When you buy stock in the public stock market, everything feels relatively simple, right? When markets are open, you can buy, you can sell, you can view minute-by-minute changes to the price. Yeah. So having equity in a private company is not like that.
Equity, as we’ve already said, represents your ownership of a private company. And that ownership is really hard to access. Plus, there’s all this stuff involved with equity. You have to vest your shares, exercise your shares, and then you have to think about taxes. And if you’ve never encountered any of this before, it can make your head spin.
My name’s Jessica. And in the next couple lessons, we’re going to go really deep into Iris’ equity grant in order to understand two main things. First, how her options are going to vest. And second, how she can exercise her options in order to fully own her shares. Let’s dive in.
If you want to be an equity owner, you typically need to work for a company for a certain period of time. Companies use a process called vesting to encourage you to stay at the company longer.
Vesting is simple. It’s the process by which you earn the right to shares over a period of time. So you’ll want to understand how your equity vests when you get your options, because depending on the type of equity that you’re granted, your vesting can determine when you might be taxed or when you’re actually able to buy those shares.
There are different types of vesting structures. The most typical type of vesting structure is time-based. So over time you’ll vest more of your options or shares. But there are also other vesting structures, like an event-based structure. This is where your vesting is tied to a certain event, like an IPO or an individual sales target that you need to hit. The last type of vesting structure is a hybrid model, which combines the last two. When two events are required for vesting, that is called a double trigger. The most typical hybrid structure that we see is with a double-trigger RSU, which you may be familiar with if you’re at a later-stage private company.
OK, great. Now we have the basics. So let’s run through an example with Iris using one of the more common vesting structures we see in the marketplace, a four-year vest with a one-year cliff.
If you look at Iris’ equity grant agreement, the date of the grant was January first, 2021. So let’s fast forward exactly one year. At this point, Iris has been working at her company for one year and she’s just hit what’s called the one-year cliff.

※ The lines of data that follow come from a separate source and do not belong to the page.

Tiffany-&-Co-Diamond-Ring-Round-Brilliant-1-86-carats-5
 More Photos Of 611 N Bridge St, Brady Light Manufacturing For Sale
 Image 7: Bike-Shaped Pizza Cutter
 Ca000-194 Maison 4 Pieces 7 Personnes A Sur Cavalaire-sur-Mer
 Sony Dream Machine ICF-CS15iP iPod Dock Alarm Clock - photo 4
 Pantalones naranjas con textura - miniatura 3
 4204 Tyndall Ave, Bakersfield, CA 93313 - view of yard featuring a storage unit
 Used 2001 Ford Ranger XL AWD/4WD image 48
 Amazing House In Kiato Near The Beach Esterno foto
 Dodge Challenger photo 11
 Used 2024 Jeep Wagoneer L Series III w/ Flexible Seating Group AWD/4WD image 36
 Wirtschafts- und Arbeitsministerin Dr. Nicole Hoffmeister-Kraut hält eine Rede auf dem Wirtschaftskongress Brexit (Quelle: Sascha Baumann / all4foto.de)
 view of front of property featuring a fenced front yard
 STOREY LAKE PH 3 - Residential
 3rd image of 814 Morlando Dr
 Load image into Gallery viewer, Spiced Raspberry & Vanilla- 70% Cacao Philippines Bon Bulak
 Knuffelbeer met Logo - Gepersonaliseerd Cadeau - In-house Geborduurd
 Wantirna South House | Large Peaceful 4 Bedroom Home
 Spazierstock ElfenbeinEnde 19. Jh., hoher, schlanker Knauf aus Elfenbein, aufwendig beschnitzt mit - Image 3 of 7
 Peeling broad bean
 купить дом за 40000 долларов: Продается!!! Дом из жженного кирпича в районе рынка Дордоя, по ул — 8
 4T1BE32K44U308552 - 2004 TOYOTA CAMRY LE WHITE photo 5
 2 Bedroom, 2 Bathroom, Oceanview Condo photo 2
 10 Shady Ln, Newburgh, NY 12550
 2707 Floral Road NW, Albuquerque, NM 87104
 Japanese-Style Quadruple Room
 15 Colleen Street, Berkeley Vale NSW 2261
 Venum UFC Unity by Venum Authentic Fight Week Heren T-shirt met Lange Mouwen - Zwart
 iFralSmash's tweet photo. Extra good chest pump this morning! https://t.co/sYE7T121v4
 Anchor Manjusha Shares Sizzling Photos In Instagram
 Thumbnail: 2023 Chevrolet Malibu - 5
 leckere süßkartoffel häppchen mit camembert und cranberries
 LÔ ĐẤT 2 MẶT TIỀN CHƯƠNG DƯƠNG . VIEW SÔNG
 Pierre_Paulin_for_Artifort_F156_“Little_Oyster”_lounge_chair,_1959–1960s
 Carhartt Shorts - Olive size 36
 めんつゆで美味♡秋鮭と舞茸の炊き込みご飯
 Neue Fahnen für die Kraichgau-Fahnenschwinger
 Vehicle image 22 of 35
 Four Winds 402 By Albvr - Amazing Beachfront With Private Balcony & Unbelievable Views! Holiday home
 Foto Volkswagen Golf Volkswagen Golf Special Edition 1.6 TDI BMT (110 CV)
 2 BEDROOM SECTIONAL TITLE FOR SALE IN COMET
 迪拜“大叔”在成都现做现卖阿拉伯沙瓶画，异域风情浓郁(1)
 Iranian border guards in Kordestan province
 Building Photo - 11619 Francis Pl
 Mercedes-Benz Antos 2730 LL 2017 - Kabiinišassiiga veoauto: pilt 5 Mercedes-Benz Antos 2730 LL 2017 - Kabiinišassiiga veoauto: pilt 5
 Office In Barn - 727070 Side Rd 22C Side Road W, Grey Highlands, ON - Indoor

If we take a look at this diagram, we can see that time is on the horizontal axis. And the number of options that Iris has been granted is on the vertical axis. Iris has just reached the one-year mark, which is the one-year cliff that we talk about.
At this point, Iris instantly vests one quarter—or a thousand—of her incentive stock options. Remember she has 4,000 total. So 1,000 is one quarter of that. This is how the one-year cliff works. For the first year of her employment, Iris doesn’t have any vested options. Then when she hits the one-year mark, the first fourth of her entire equity grant is vested in one lump sum.
Everything she’s vested, she is now officially able to exercise, or purchase. And all the shares that she hasn’t vested are known as options outstanding. After she hits the one-year cliff, Iris will start vesting in more frequent increments. Could be monthly, or quarterly. It all depends on what’s specified in her grant agreement.
So now let’s fast-forward all the way to the end of four years. And as you can see, Iris has fully vested her entire equity grant. This is a big moment for her. So we’re going to throw her a little confetti party to celebrate.
When you get close to the end of an equity grant vesting period, the company might give you a new grant called a refresh grant, because they usually want to have some future equity in play as you’re working with the company.